* _TASK BRIEF_
Write out the line that holds "ROJITA(ロジータ)の「" together with every line that follows it to the end of the material below, exactly. Omit the pictures.

DATA SHOWN Block Start

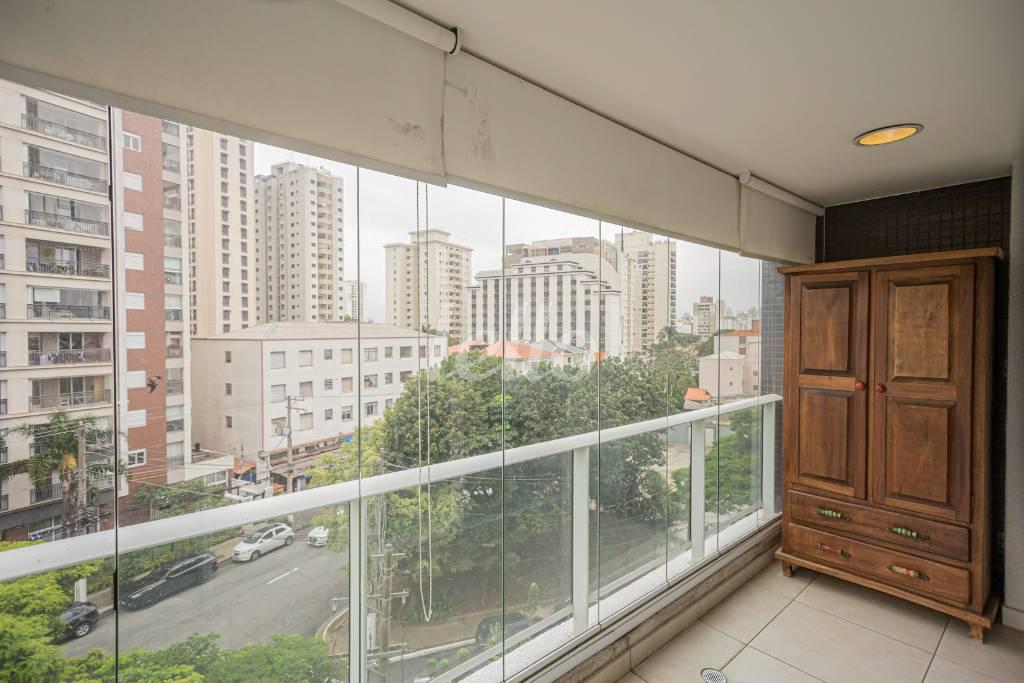 VARANDA de Apartamento para alugar, Padrão com 47 m², 1 quarto e 1 vaga em Campo Belo - São Paulo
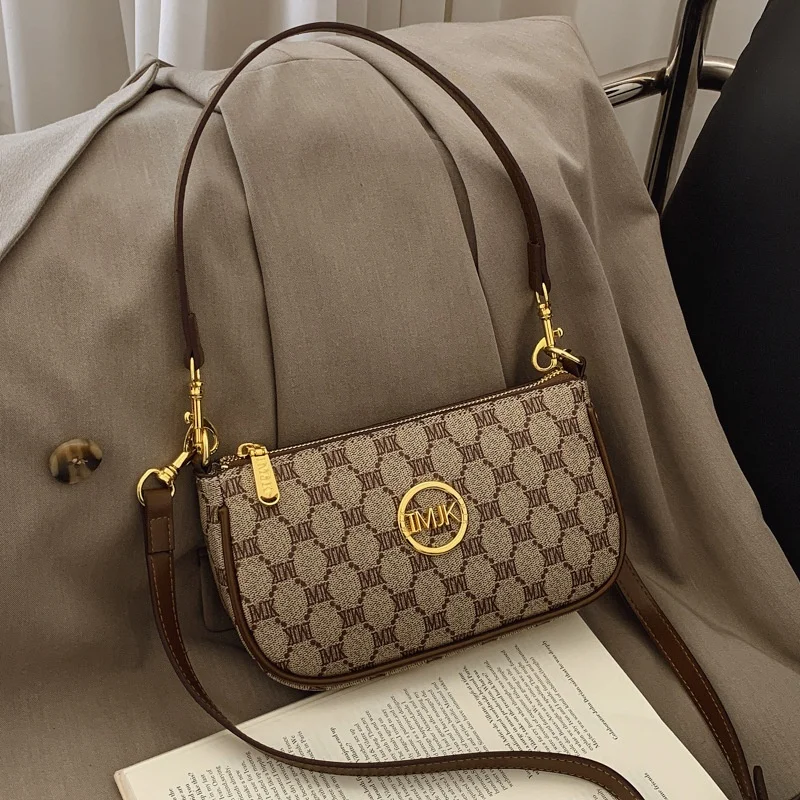 Vintage Underarm Bag for Teenager Letter Print Crossbody Small Square Bag with Chain Shoulder Handbag Adjustable Crossbody Strap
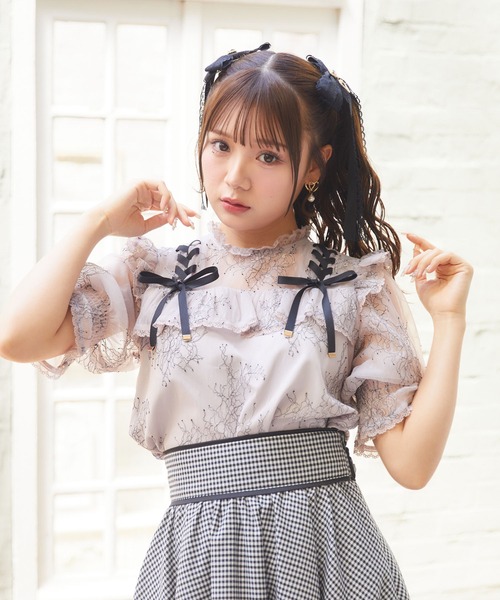 ROJITA(ロジータ)の「Wスピンドル配色レースブラウス(シャツ/ブラウス・レディース・ピンク/ベージュ/ブラック・FREE)」の9枚目の写真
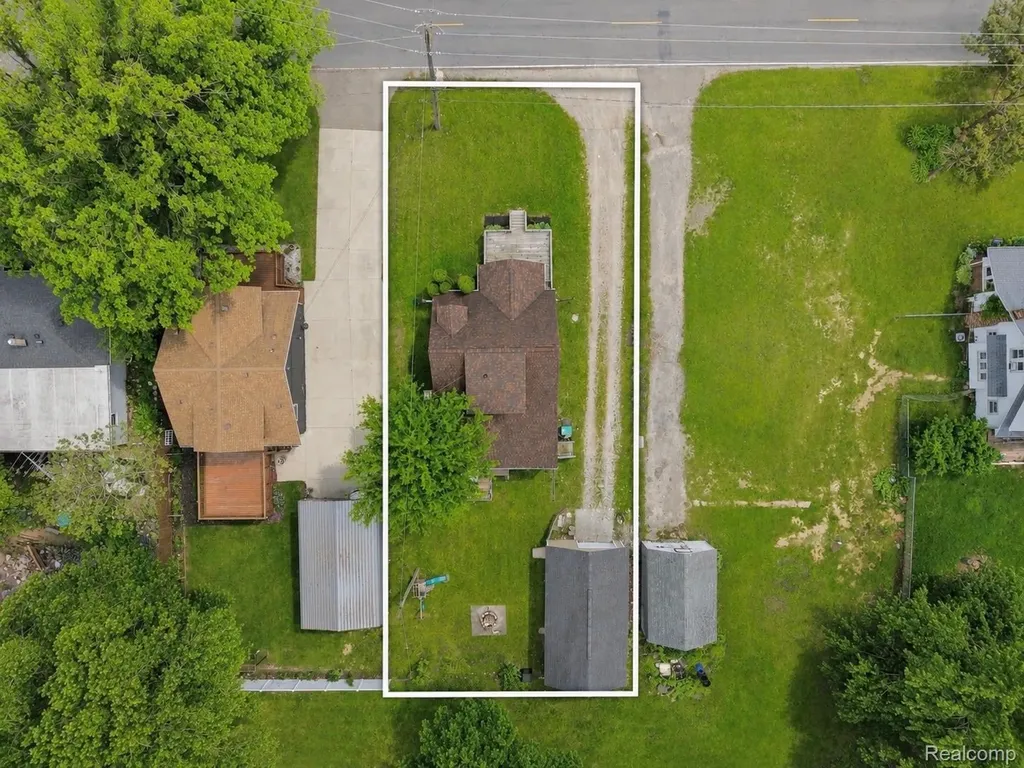 12463 W Lennon Road Clayton Charter Township MI 48449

DATA SHOWN Block End

* _WRITTEN SOLUTION_
 ROJITA(ロジータ)の「Wスピンドル配色レースブラウス(シャツ/ブラウス・レディース・ピンク/ベージュ/ブラック・FREE)」の9枚目の写真
 12463 W Lennon Road Clayton Charter Township MI 48449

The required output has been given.